今日は『日傘、遮光傘を買う前に読んでほしい記事』というテーマで書いていきます。
いよいよ暑くなってきました。
これから日傘の購入を検討されている方がいると思うんですが、『どんな日傘を買えばいいかわからない』、『遮光傘を選びたいけど何がいいかわからない』という方が、たくさんいると思うんですね。

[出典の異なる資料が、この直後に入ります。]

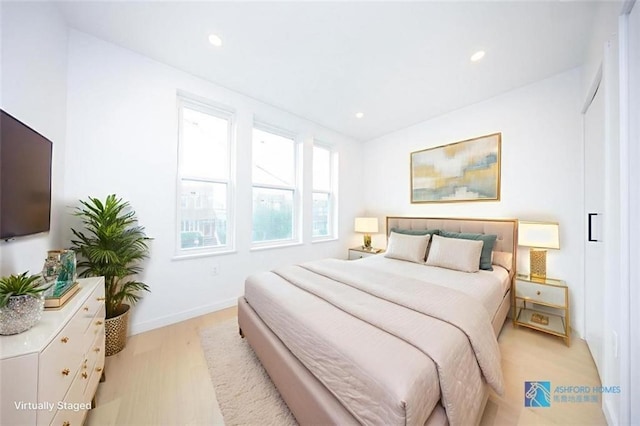 1238 77th St, Brooklyn, NY 11228 - bedroom featuring light wood-style floors and recessed lighting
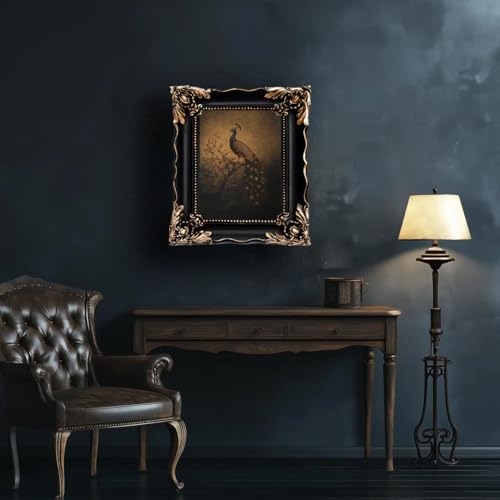 Gothic Picture Frame 8x10 Black - Vintage Ornate Photo Frame, Antique Baroque Victorian Style Wall or Tabletop Display, Elegant Home Decor for Photos, Art, and Portraits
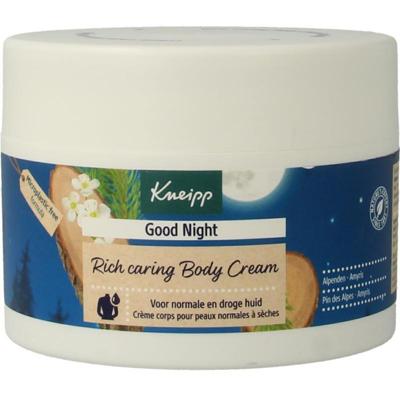 Kneipp Good Night Rich Caring Body Cream Alpenden Amyris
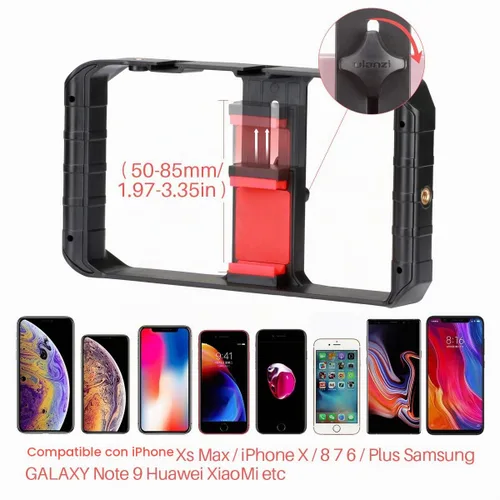 Vista 5 de Ulanzi U Rig Pro Video Rig para iPhone, Estabilizador de Teléfono con Triple Soporte de Zapata Fría, Soporte de Trípode de Teléfono para iPhone 16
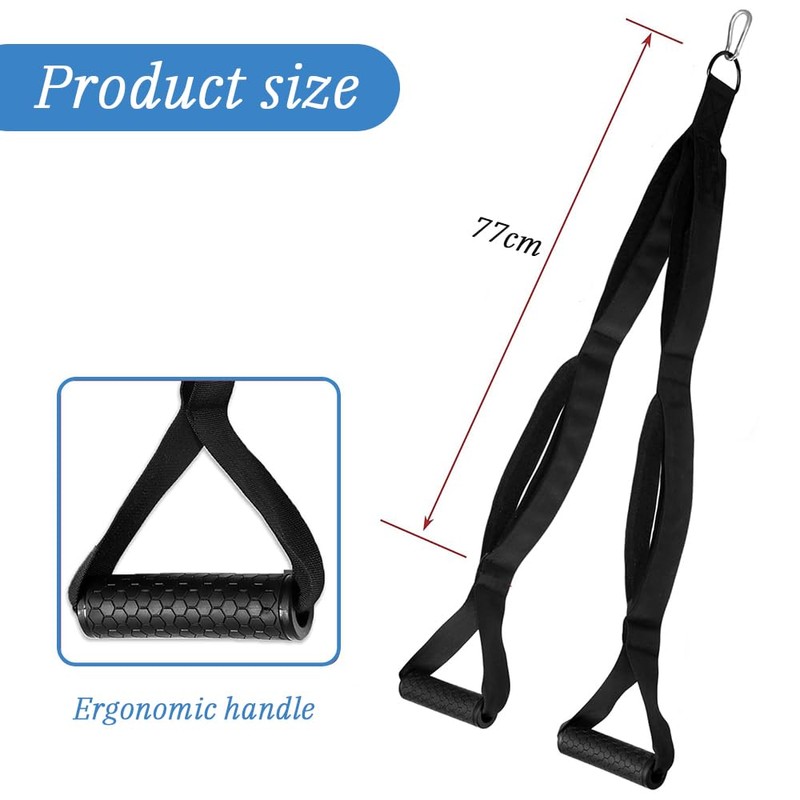 Triceps Rope Attachment, Strength Puller, Triceps Pulldown Rope for Pushdown,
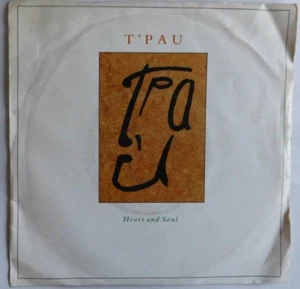 T'PAU - HEART AND SOUL 1987 7" VINYL SINGLE. SRN 41. - Picture 1 of 4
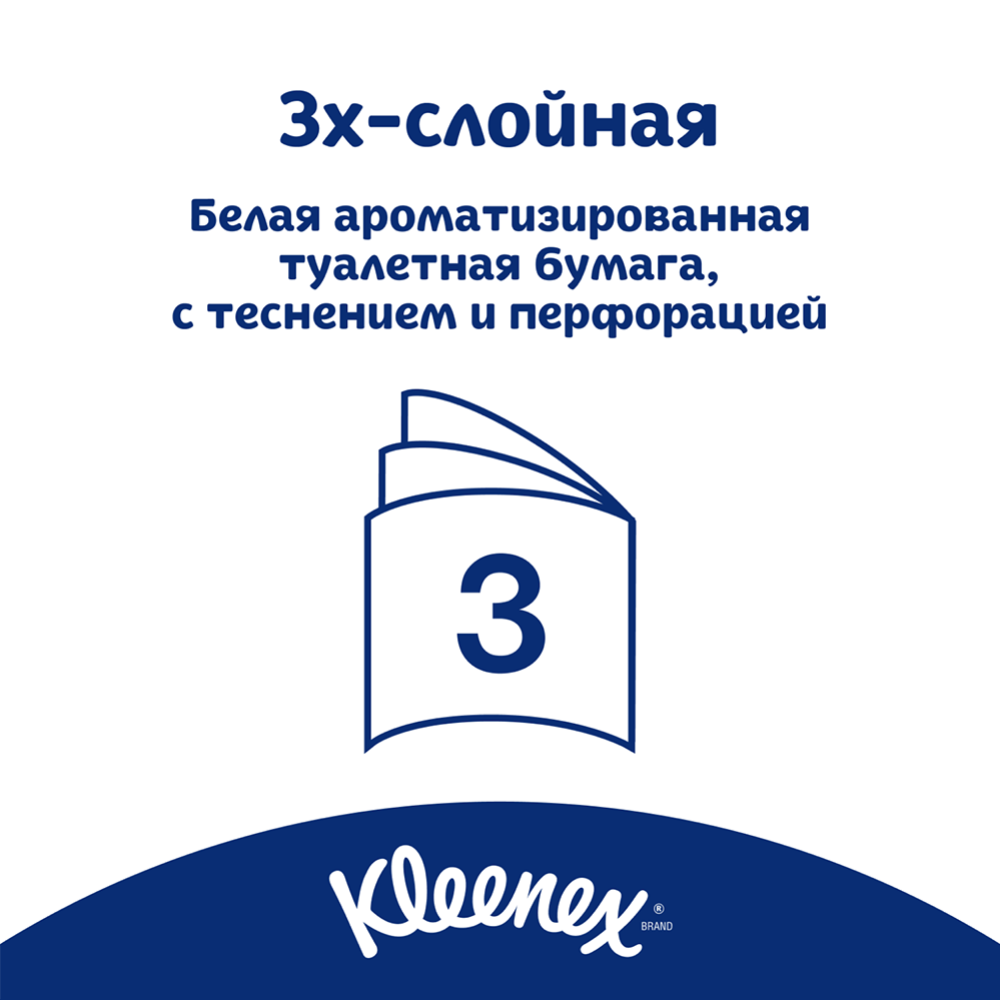 Туалетная бумага «Kleenex» Cottonelle Aroma Care, трехслойная, 4 рулона #5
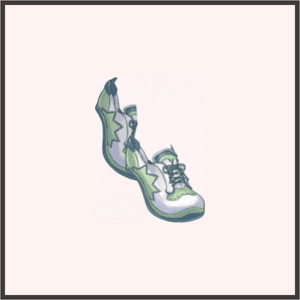 スニーカー（緑）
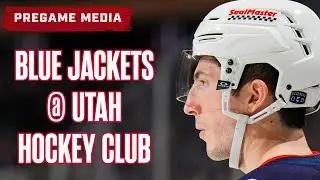 Head Coach Dean Evason and Zach Werenski, Blue Jackets @ Utah Hockey Club | Pregame Media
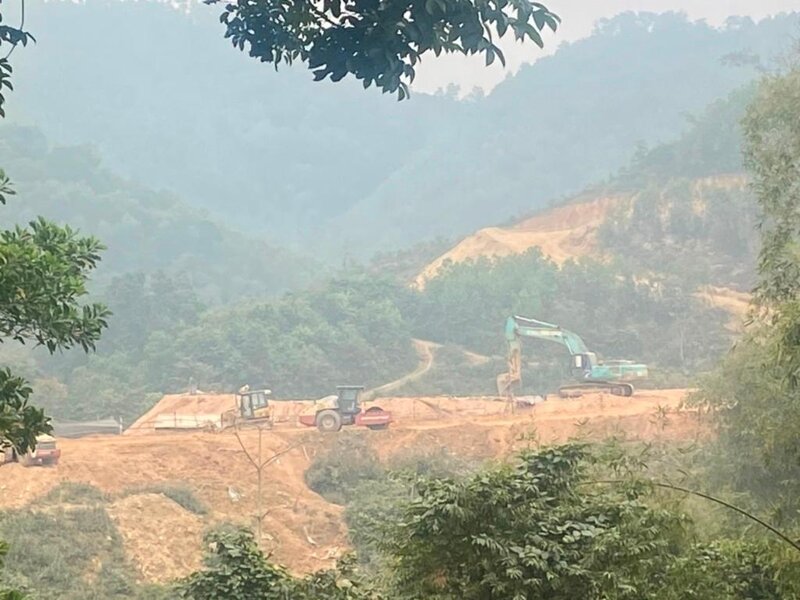 Sân golf vẫn đang trong quá trình xây dựng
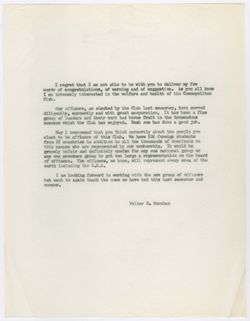 Correspondence, 1922-1967, undated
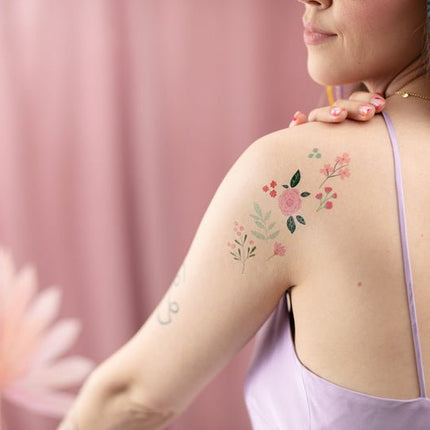 Tattoos Bloemen Mix 19st van Partydeco koop je bij Partywinkel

ぜひ、そういう方にこの記事を読んでいただき、正しい知識を身に着けていただければと思います。
機能性表示に注意してください
まずは 機能性の表示です。
日傘は紫外線カット率、遮光率、この2つを特にチェックしてください。
この2つの数字は高ければ高いほど、性能はいいです。
特に暑さを避けたい場合、紫外線カット機能だけではNGで、遮光率100%、もしくは遮光率が高い日傘を選んでください。
業界団体の見解は?
ただし、この遮光率100%という表示が今問題になっています。
ざっくり要約すると、
日本洋傘振興協議会が「JUPA基準」の一部を改定し、洋傘の機能表示について「完全」「100%」などの表現を控えるよう求めている。これは、消費者の混乱を避けるための措置であり、日本アパレル・ファッション産業協会も注意喚起を行っている。遮蔽率や遮光率に関する誤解を招く表現の使用を制限することで、市場の整理が図られることになっている。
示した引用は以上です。